NOTE: The following is an excerpt from the chapter, "Rappin' on Rove," which is in the final section of the book. Scott Horton, a writer for Harper's, wrote more than a hundred on-line columns about the Siegelman prosecution and is a major character in this last section. Horton, as will be seen in the book, had an influence on the national perception of the Siegelman case that far exceeded his work for Harper's. It was for this reason that a group in Huntsville invited the New York writer to Alabama to speak about the case and the coverage of the former governor in the state's media, primarily in the pages of the Mobile Register and Birmingham News.
Here's the excerpt:
In, “Three state papers find themselves the targets of a N.Y. writer,” he wrote that Horton “implies that joint ownership of the three papers somehow affects editorial policy, including editorial policy in the Siegelman case.”
I find it “curious” -- to use Horton’s term -- that although he claims to have studied press coverage of the case for two months he offers not a single editorial, news story, headline, paragraph or sentence in evidence. As a lawyer, would he limit his case to a jury to a summary of the evidence without presenting any actual evidence? I doubt it…

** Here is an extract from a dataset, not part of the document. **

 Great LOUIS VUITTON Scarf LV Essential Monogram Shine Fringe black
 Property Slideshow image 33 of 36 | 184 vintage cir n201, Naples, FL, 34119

Scott Horton is a skilled writer and, I presume, a competent lawyer. Maybe the next time he'll provide some facts to support his claims and refrain from painting journalists he doesn't know with a brush so broad and, ultimately, so misleading.
I told him I was correcting Horton because he had mischaracterized my stories. Horton said it “may be surprising to your fellow reporters” were they to hear me saying I wrote all the Siegelman pieces. He said I was not the only reporter at the Register. To which I told him, that, well, I did write the stories.
"I think y’all are afraid to hear an opposing viewpoint,” I said. “You (Horton) never called the Newhouses or my paper because you don’t like opposing viewpoints.”
It was about then that the guy behind me pushed me -- not hard enough to knock me over, but a good nudge nonetheless. I turned around and told him, rather sternly, not to do that again, not knowing how in the world I would back up such a threat should he do it again.
One of the event organizers came to the front. She said that as a radical Democrat she, like others in attendance, have “had to sit in rooms and been berated for our positions ... If we’re going to change this country then we have to have civil discourse on both sides…Until we can do that we are no better than those we oppose.”
The woman, Yolanda McClain, said that “whether or not (I was) swayed or not from powers outside his control or directed” to write what I wrote was for others to decide. She didn’t mean it ugly, but that was the gist of the program -- that I and others with the Register and Birmingham News had willingly served as pawns for Republican politicians and prosecutors.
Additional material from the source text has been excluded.